Царила атмосфера отточенного мастерства, словно каждый из них уже много раз проводил подобные рейды. Они не боялись. Часы на приборной панели показывали поздний вечер. Кэррадайн понятия не имел, какой сегодня день и сколько времени прошло с тех пор, как его забрали.
Ни на секунду его не оставляли одного. Он хотел попробовать отправить сообщение в Сомервилль по номеру, который запомнил после посещения ресторана, но не увидел ни мобильного, ни стационарного телефона в доме. Он подумывал написать записку на листке бумаги и выбросить её из фургона на светофоре, но ни в спальне, ни на кухне ручки не нашлось, и не было никакой возможности её найти. Когда он зашёл в ванную, русскоговорящий водитель стоял снаружи, распахнув дверь настежь, не давая Кэррадину ни малейшего шанса сбежать.
«Я хочу поговорить с отцом», — сказал он. Они были в нескольких милях к югу от Хай-Уикома. Симаков пил воду из бутылки.
«Не беспокойся об отце», — сказал он. «Зачем нам обижать невинного старика?» Он осекся. «Возможно, «невиновен» — неподходящее слово в данном контексте. Разве можно назвать «невиновным» человека, который когда-то работал против советских интересов, будучи британским шпионом?»
«Где вы его держите?»
«Там, где ему будет очень комфортно».
«Просто дайте мне поговорить с ним». Кэррадин ненавидел чувство бессилия.
«Позвольте мне заверить его, что с ним все будет хорошо».
«Нет», — ответил Симаков.
План нападения был прост. Кэррадин должен был спуститься в подвал на Чапел-стрит и постучать в дверь конспиративной квартиры.
Симаков знал, что Барток находится там, потому что утром ей разрешили выйти, и она прогулялась по Белгрейв-сквер. Сотрудник службы безопасности в штатском из российского посольства наблюдал, как она вышла, и следовал за ней пешком. С ней постоянно находился мужчина, похожий на Сомервилля. В квартире не было никакой охраны, даже камеры видеонаблюдения, фиксирующей движение в подвале. На двери был установлен объектив типа «рыбий глаз». Кэррадин должен был сообщить о себе тому, кто откроет дверь.
Симаков был уверен, что Халс и Сомервилл пропустят его. В этот момент российский водитель и женщина проберутся следом за ним.
Они будут вооружены. Бартока выведут к фургону и увезут. Симаков сказал Кэррадайну, что ему разрешат остаться в безопасном доме, как только Барток будет взят под стражу. Кэррадайн знал, что он намеревался убить их всех.

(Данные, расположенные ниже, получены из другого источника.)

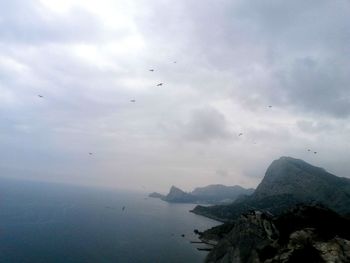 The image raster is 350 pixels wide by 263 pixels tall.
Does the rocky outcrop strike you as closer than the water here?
Yes

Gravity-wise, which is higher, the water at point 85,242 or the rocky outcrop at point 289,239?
the rocky outcrop at point 289,239

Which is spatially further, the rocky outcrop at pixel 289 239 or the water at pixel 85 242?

«Чего ты от нее хочешь?» — спросил он.
«От Лары?» Симаков закрутил крышку на бутылке. «Ответы».
«Ответы о чем?»
«Почему она бросила меня? Почему исчезла без объяснений? Подозревала ли она правду обо мне, о Воскресении? Если нет, я хочу знать, почему она была так жестока. Почему она выбрала такого человека, как ты, когда могла бы остаться с Иваном Симаковым».
Ревность, злоба, самодовольство – всё это было настолько же тревожно, насколько и жалко для Кэррадайна. Он уже достаточно насмотрелся на Симакова, чтобы понимать, что тот обезумел от власти и ненависти. Он вспомнил всё, что Барток рассказал ему о разрыве их отношений, и понял, что она смягчала причины своего ухода. Её так ужасала не только жажда насилия Симакова, но и его мания и ярость.
«Что с ней будет?» — спросил он.
«Это мое дело».
Кэррадин снова подумал об отце. Возможно ли, что Симаков лгал? Уильям Кэррадин был общительным человеком. У него была девушка – или, по крайней мере, подруга, с которой он проводил много времени. Дважды в неделю он играл в нарды в местном пабе с другом, который жил неподалёку.
Он регулярно помогал в соседнем хосписе, читая пациентам книги. Короче говоря, его отсутствие было заметно. Девушка заглядывала к нему. Игрок в нарды удивлялся, почему Билл не появился в пабе.
Вскоре к делу подключится полиция, а затем и Служба безопасности. Они установят связь с Кэррадином и поймут, что что-то не так. И где…
Могли ли русские его задержать? Симаков наверняка знал о плохом состоянии здоровья отца. Пойдёт ли он на риск, похитив выздоравливающего после инсульта пожилого человека, которому в любой момент может потребоваться госпитализация? Это был ужасающий риск, но если Кэррадайн собирался спасти Бартока и предотвратить кровопролитие в конспиративной квартире, ему придётся действовать исходя из того, что его отец в полной безопасности. Симаков блефовал.
«Можете ли вы хотя бы сфотографировать моего отца, снять видео, просто чтобы убедиться, что с ним все в порядке?»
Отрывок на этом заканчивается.